I finally got him to listen in 2 ways: one my mother told the nurse which pharmacist to phone to confirm my story, and two I told him if he cost me my one remaining working kidney I would sue him for everything he had and make him never become a doctor. I told him I didn’t owe him a kidney.
I got the medicine I needed the next day.
But why did it have to be such a fight?
Please, if you are a med student, resident, or doctor, never discount what your patients are saying? It’s not suppose to be an adversarial relationship, in which I have to fight for what I need, and you act as a gate keeper, to all the gold.
Why can’t it be a teem effort? Why can’t you believe me when I say I have something rare? Why can’t you see me?
Please try to see me?
If you are a med student, resident or doctor who does believe you’re patients, and works as a teem, thank you.

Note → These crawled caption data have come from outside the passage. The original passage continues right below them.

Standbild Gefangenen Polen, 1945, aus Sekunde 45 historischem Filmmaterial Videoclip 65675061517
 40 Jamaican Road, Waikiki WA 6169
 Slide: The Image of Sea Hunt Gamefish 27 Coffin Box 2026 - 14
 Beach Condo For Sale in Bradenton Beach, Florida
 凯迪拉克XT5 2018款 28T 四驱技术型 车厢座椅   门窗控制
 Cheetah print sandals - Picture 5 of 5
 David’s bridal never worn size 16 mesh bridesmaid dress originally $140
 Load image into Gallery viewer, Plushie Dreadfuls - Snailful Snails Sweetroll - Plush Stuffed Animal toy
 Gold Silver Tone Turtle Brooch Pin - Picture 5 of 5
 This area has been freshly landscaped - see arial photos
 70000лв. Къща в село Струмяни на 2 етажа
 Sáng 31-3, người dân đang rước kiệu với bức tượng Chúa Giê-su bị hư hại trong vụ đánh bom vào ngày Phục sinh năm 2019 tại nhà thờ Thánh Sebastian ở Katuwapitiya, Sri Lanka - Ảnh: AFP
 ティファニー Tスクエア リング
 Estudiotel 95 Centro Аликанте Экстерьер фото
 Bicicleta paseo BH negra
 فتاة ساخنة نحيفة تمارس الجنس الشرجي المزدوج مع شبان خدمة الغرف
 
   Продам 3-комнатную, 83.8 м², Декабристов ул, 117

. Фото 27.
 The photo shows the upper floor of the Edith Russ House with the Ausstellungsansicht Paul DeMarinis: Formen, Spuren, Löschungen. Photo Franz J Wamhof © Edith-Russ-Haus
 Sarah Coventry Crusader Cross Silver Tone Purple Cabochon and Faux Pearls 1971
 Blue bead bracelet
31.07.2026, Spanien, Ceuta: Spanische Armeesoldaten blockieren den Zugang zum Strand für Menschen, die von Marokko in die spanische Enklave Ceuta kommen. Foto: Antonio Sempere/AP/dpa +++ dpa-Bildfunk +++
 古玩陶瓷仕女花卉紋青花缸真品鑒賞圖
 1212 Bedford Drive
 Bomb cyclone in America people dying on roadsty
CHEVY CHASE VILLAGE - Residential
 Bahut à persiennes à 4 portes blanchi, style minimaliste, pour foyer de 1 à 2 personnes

Never underestimate now much that is appreciated, by Zebra’s like me.
If you are a professor of med students and residents, please teach them that Zebra’s exist?
And if you are a med school curriculum designer, please take that old and horribly wrong adage out? That adage is harmful and it needs to be changed.
How about “If you hear hoof beets, look for horses. If you don’t see horses, look for Zebras.”?